Dream a little Dream part II
ok so the other night it was Madonna telling me I'm fat, and last night it was this....
Last night I had a horrible dream, for lack of blogging material I might right about that.
I dreamed that my bubs and I were at the art museum (it was the Currier Museum of Art in Manchester NH) and there was a horrible storm and the lightning was so fast and so close that you could not even hear the thunder, everyone was clapping because it was like fireworks.
Then I said "everything is on fire" and it was....the entire city was looking red.
Now this was the city I lived in back home.
Then my bubs said we should get home and then all of a sudden we were there and it was my old house where I grew up and it was fine, not on fire...but when I opened the front door all these animals came out of the house and it was all my old pets that I had when I was little (they are obviously all dead now)...they were leaving the house and I was trying to grab them and bring them back in.

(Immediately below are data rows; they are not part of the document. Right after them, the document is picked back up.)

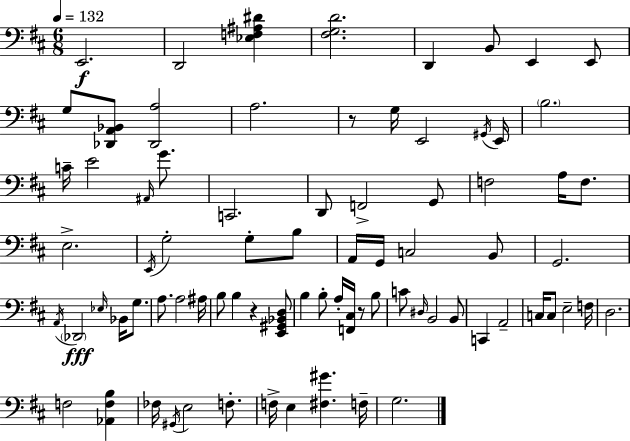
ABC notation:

X:1
T:Untitled
M:6/8
L:1/4
K:D
E,,2 D,,2 [_E,F,^A,^D] [^F,G,D]2 D,, B,,/2 E,, E,,/2 G,/2 [_D,,A,,_B,,]/2 [_D,,A,]2 A,2 z/2 G,/4 E,,2 ^G,,/4 E,,/4 B,2 C/4 E2 ^A,,/4 G/2 C,,2 D,,/2 F,,2 G,,/2 F,2 A,/4 F,/2 E,2 E,,/4 G,2 G,/2 B,/2 A,,/4 G,,/4 C,2 B,,/2 G,,2 A,,/4 _D,,2 _E,/4 _B,,/4 G,/2 A,/2 A,2 ^A,/4 B,/2 B, z [E,,^G,,_B,,D,]/2 B, B,/2 A,/4 [F,,^C,]/4 z/2 B,/2 C/2 ^D,/4 B,,2 B,,/2 C,, A,,2 C,/4 C,/2 E,2 F,/4 D,2 F,2 [_A,,F,B,] _F,/4 ^G,,/4 E,2 F,/2 F,/4 E, [^F,^G] F,/4 G,2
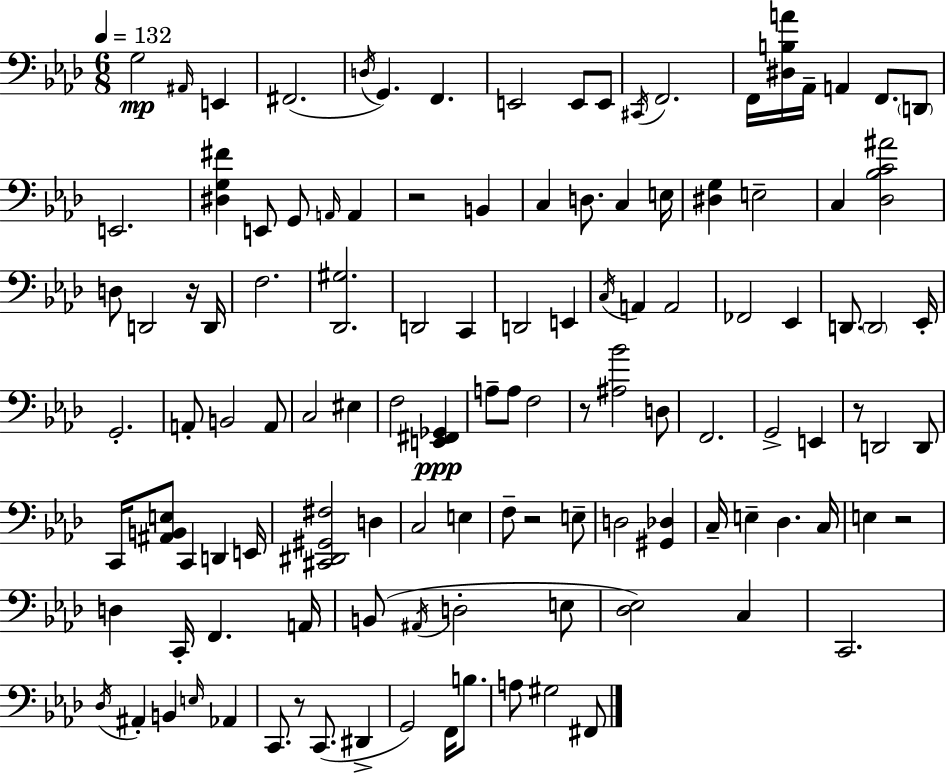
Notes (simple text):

G3/h A#2/s E2/q F#2/h. D3/s G2/q. F2/q. E2/h E2/e E2/e C#2/s F2/h. F2/s [D#3,B3,A4]/s Ab2/s A2/q F2/e. D2/e E2/h. [D#3,G3,F#4]/q E2/e G2/e A2/s A2/q R/h B2/q C3/q D3/e. C3/q E3/s [D#3,G3]/q E3/h C3/q [Db3,Bb3,C4,A#4]/h D3/e D2/h R/s D2/s F3/h. [Db2,G#3]/h. D2/h C2/q D2/h E2/q C3/s A2/q A2/h FES2/h Eb2/q D2/e. D2/h Eb2/s G2/h. A2/e B2/h A2/e C3/h EIS3/q F3/h [E2,F#2,Gb2]/q A3/e A3/e F3/h R/e [A#3,Bb4]/h D3/e F2/h. G2/h E2/q R/e D2/h D2/e C2/s [A#2,B2,E3]/e C2/q D2/q E2/s [C#2,D#2,G#2,F#3]/h D3/q C3/h E3/q F3/e R/h E3/e D3/h [G#2,Db3]/q C3/s E3/q Db3/q. C3/s E3/q R/h D3/q C2/s F2/q. A2/s B2/e A#2/s D3/h E3/e [Db3,Eb3]/h C3/q C2/h. Db3/s A#2/q B2/q E3/s Ab2/q C2/e. R/e C2/e. D#2/q G2/h F2/s B3/e. A3/e G#3/h F#2/e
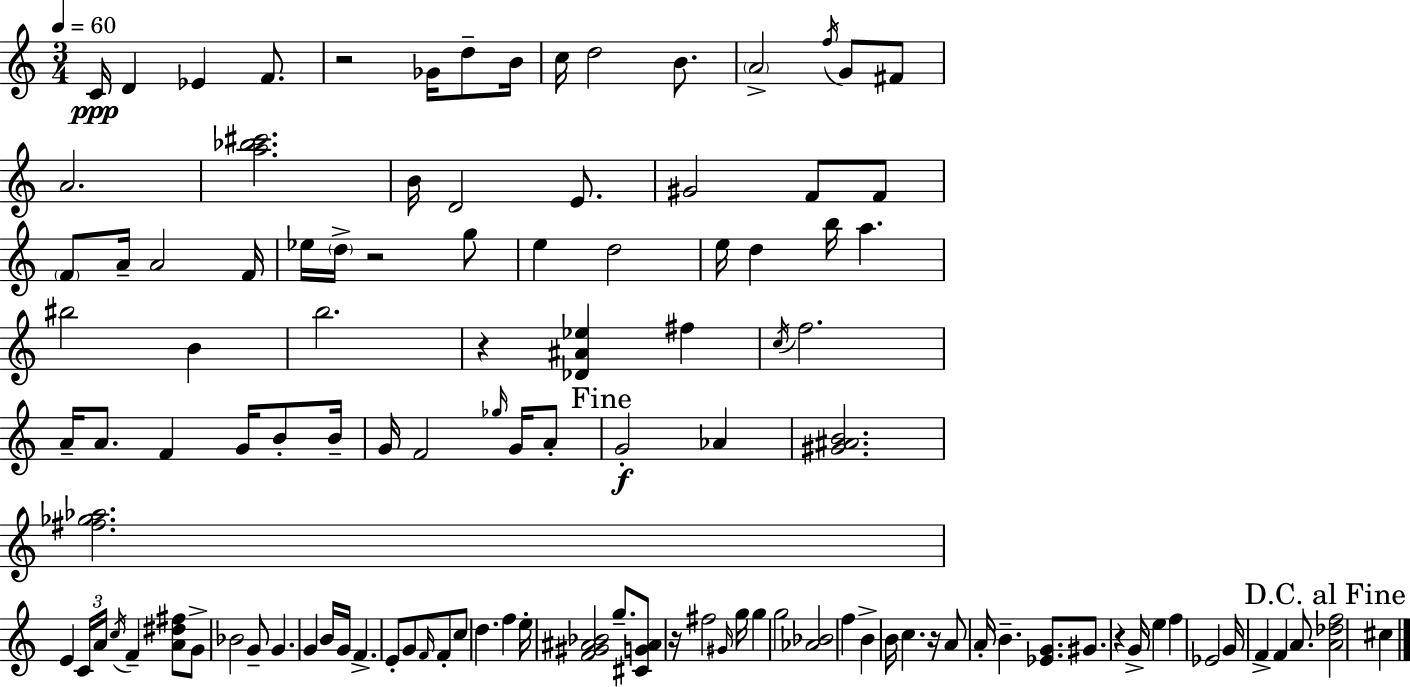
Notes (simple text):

C4/s D4/q Eb4/q F4/e. R/h Gb4/s D5/e B4/s C5/s D5/h B4/e. A4/h F5/s G4/e F#4/e A4/h. [A5,Bb5,C#6]/h. B4/s D4/h E4/e. G#4/h F4/e F4/e F4/e A4/s A4/h F4/s Eb5/s D5/s R/h G5/e E5/q D5/h E5/s D5/q B5/s A5/q. BIS5/h B4/q B5/h. R/q [Db4,A#4,Eb5]/q F#5/q C5/s F5/h. A4/s A4/e. F4/q G4/s B4/e B4/s G4/s F4/h Gb5/s G4/s A4/e G4/h Ab4/q [G#4,A#4,B4]/h. [F#5,Gb5,Ab5]/h. E4/q C4/s A4/s C5/s F4/q [A4,D#5,F#5]/e G4/e Bb4/h G4/e G4/q. G4/q B4/s G4/s F4/q. E4/e G4/e F4/s F4/e C5/e D5/q. F5/q E5/s [F4,G#4,A#4,Bb4]/h G5/e. [C#4,G4,A#4]/e R/s F#5/h G#4/s G5/s G5/q G5/h [Ab4,Bb4]/h F5/q B4/q B4/s C5/q. R/s A4/e A4/s B4/q. [Eb4,G4]/e. G#4/e. R/q G4/s E5/q F5/q Eb4/h G4/s F4/q F4/q A4/e. [A4,Db5,F5]/h C#5/q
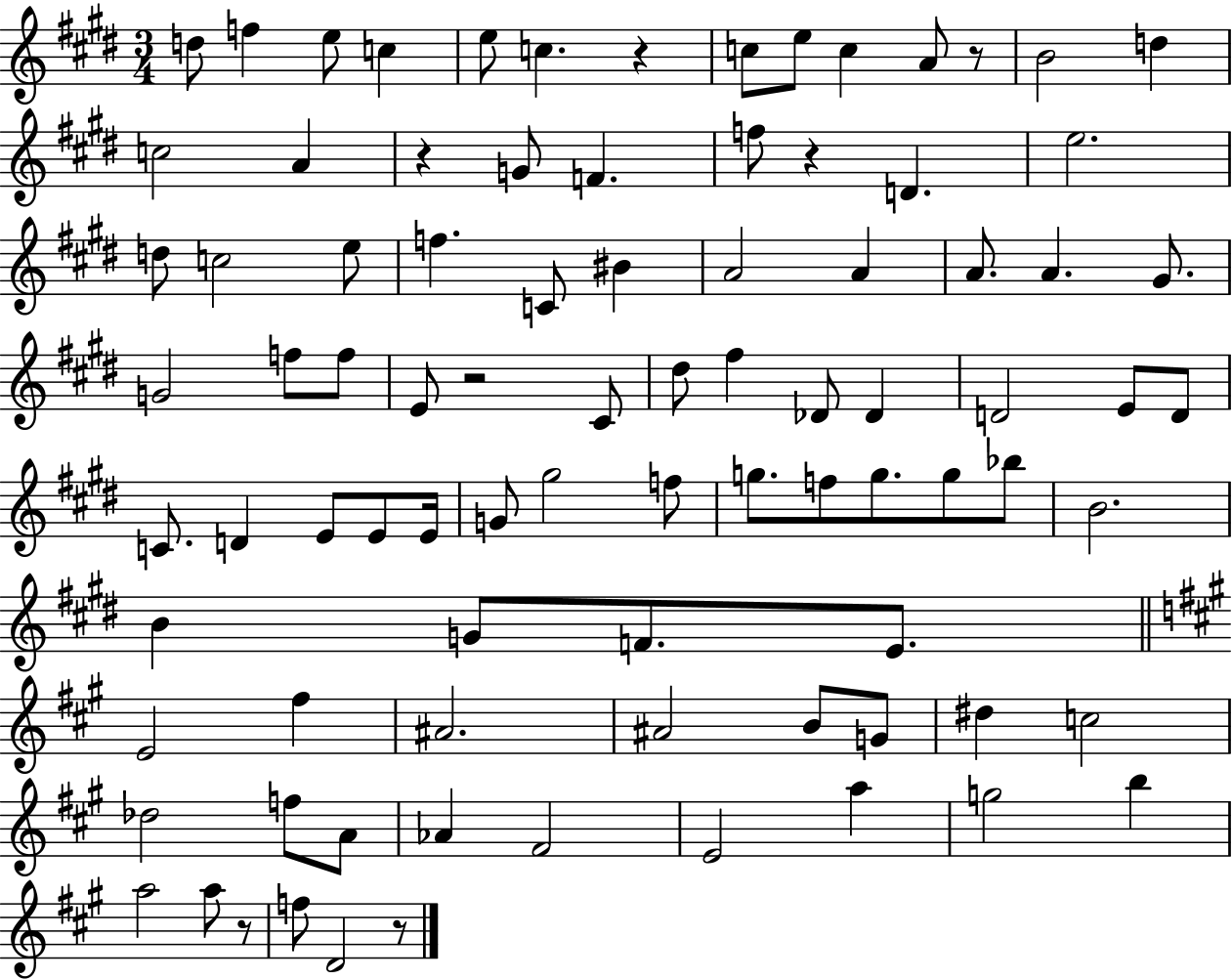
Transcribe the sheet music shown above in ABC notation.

X:1
T:Untitled
M:3/4
L:1/4
K:E
d/2 f e/2 c e/2 c z c/2 e/2 c A/2 z/2 B2 d c2 A z G/2 F f/2 z D e2 d/2 c2 e/2 f C/2 ^B A2 A A/2 A ^G/2 G2 f/2 f/2 E/2 z2 ^C/2 ^d/2 ^f _D/2 _D D2 E/2 D/2 C/2 D E/2 E/2 E/4 G/2 ^g2 f/2 g/2 f/2 g/2 g/2 _b/2 B2 B G/2 F/2 E/2 E2 ^f ^A2 ^A2 B/2 G/2 ^d c2 _d2 f/2 A/2 _A ^F2 E2 a g2 b a2 a/2 z/2 f/2 D2 z/2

then I thought "this isn't right"
and I woke up.
I'm thinking this has something to do with marrying my bubs and finally moving onto a new stage in my life, and maybe finally realizing that "back home" is not home at all anymore...I'm not sure...well at least I was not being told I was fat in this one, but I will say it was so very sad to see all my old pets who have been gone for so long, I remember right now in the dream how real and solid they felt when I was trying to grab them.
:(
ok I have to get some work done, I am finishing up a wholesale order....more tomorrow.
Labels: bubs, currier museum of art, dreams, fire, lightning, new hampshire, pets
7 Comments:
I keep having odd dreams too that disturb me while I sleep but that I can't really remember when I wake up but am still disturbed by them, you know? Does that make any sense? Maybe I too am having these dreams because I'm heading into another phase of life. I don't know.
Hmmmmmmmmmm......
Wow...you know? I haven't had a restful relaxing sleep in quite a while now...I wake up more exhausted than before I went to sleep, and more afraid to go to sleep at night lately...I am having very vivid dreams as well...I wonder what's up in the universe?
Oh, so sad! I miss my old Smokey right now, even though she was a mean ol' girl. But I think you 100% spot on with your interpretation of that dream.
Jenn -
Your Pasticcio is in the mail, finally.
xxo
me
Oh yes!! Youa re so right on! I think that is certainly what your dream has to do with!!! Oh, this is gettin very deep... let's see what tomorrow's brings.. xoxoxo
Oh, see, I was going to say maybe you've just seen too many Cloverfield commercials.* But your interpretation works, too.
* - Perhaps I'm confusing you with me.
I agree with Tara, your analysis seems spot on. The most beautiful part about new chapters in our lives is that the old chapters are forever in our hearts - unless they are ugly and painful in which case we can write them on a rock (a name or place or what have you) and hurl it off a cliff.*
*I got that idea from Men In Trees btw.